With Crown-led projects including the 900-home east frame anchor project yet to begin, asking prices for attached townhouses are flat or falling in the city, according to Trade Me.
At Pegasus in North Canterbury, two rows of double-storey lakefront terraced units are almost all empty. The three-bedroom units have been marked down from $559,000 to $515,000, and two-bedroom units reduced to $399,000.
Double-storey terraced homes are also being advertised for sale in Halswell, Wigram, Prestons, Kaiapoi, and Rolleston.
Urban Edge valuer Natalie Edwards said Christchurch house prices levelling off meant first-home buyers could afford free-standing homes instead.
"We are starting to see an over-supply of those units in subdivisions as the housing market softens," Edwards said.
"This is the sort of housing we never used to see in the suburbs. It doesn't seem to be the Kiwi type of living. The target market for them was affordability. Now they are competing with stand-alone homes on larger selections."
High-density housing, including apartments, remained popular in the inner suburbs and central city where amenities were close, she said.
Real estate industry figures indicate house prices in greater Christchurch have been flat in the past few months. Trade Me said asking prices for apartments were rising but townhouse prices were not.
Quotable Value valuer Hamish Collins said good land supply within the city had dampened demand for high density homes in satellite towns and outskirts suburbs.
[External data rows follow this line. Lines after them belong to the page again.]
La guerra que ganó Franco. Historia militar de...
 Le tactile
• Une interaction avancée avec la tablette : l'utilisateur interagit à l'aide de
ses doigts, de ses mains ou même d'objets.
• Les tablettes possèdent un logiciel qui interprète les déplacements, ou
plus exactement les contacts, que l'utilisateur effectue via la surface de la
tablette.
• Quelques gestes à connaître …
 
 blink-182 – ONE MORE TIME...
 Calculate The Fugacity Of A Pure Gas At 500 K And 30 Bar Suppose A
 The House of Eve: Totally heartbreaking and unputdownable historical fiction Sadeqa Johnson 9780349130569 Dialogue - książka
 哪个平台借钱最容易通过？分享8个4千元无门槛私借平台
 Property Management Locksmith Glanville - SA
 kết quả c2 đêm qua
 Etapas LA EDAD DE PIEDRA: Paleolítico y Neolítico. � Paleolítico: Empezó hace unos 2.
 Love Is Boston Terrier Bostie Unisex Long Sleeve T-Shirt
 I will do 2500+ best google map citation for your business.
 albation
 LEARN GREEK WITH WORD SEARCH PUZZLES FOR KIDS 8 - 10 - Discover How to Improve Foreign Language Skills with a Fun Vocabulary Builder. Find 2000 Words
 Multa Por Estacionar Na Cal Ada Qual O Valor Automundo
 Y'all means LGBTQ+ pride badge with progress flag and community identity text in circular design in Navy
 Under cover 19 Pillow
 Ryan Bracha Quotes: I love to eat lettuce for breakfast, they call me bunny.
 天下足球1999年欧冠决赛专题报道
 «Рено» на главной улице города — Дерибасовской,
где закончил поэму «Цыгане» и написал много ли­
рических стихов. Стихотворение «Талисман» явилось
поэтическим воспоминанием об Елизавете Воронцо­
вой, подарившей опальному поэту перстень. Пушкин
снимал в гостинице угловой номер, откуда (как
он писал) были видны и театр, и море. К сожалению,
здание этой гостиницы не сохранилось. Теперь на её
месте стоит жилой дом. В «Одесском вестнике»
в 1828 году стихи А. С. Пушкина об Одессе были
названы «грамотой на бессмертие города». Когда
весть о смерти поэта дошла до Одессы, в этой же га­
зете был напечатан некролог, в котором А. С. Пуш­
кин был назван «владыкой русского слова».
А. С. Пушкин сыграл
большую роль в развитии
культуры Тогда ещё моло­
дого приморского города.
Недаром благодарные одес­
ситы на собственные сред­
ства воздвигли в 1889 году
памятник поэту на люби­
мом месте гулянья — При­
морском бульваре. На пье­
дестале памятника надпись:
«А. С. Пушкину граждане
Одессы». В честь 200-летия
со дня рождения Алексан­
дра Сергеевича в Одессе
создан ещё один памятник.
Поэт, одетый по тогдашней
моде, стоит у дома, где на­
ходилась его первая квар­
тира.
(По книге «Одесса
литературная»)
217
"There's a lot of them on the market and they're just sitting there. There seems to be buyer resistance to them when people look at comparable costs of housing," Collins said.
"For $450,000 to $500,000 you can get a house and garden instead, or the same sort of unit closer to town."
Collins said high-density housing was selling well from Addington and Linwood right around to Richmond and St Albans.
"Sure they're attached and probably a bit basic, but the location makes them desirable."
Mike Greer Homes built the Pegasus units as the first stage of a bigger development, but company boss Mike Greersaid they "certainly won't be building any more of those".
"We won't be undertaking any large multi-unit developments in Christchurch for the forseeable future. They're the first to be impacted with the slowdown because the market for them is price-driven.
"With a kind of over-supply of housing starting to happen, stand alone houses are coming back a bit in price, and that's making attached units less popular."
Post-earthquake zoning rules have required a mixture of housing densities in bigger subdivisions. Developers embraced the concept as the cookie-cutter designs and smaller sites provided bigger profit margins than free-standing houses.
Lincoln University senior property lecturer Brent Nahkies said while high-density living in the central city was about lifestyle, in the suburbs it was about affordability.
"There is a market for it in the suburbs but it may not be very big. There's always a trade-off. People like room for a barbecue and a pet."
There was a difference between market-driven demand for high density living, and supply created "top down", he said.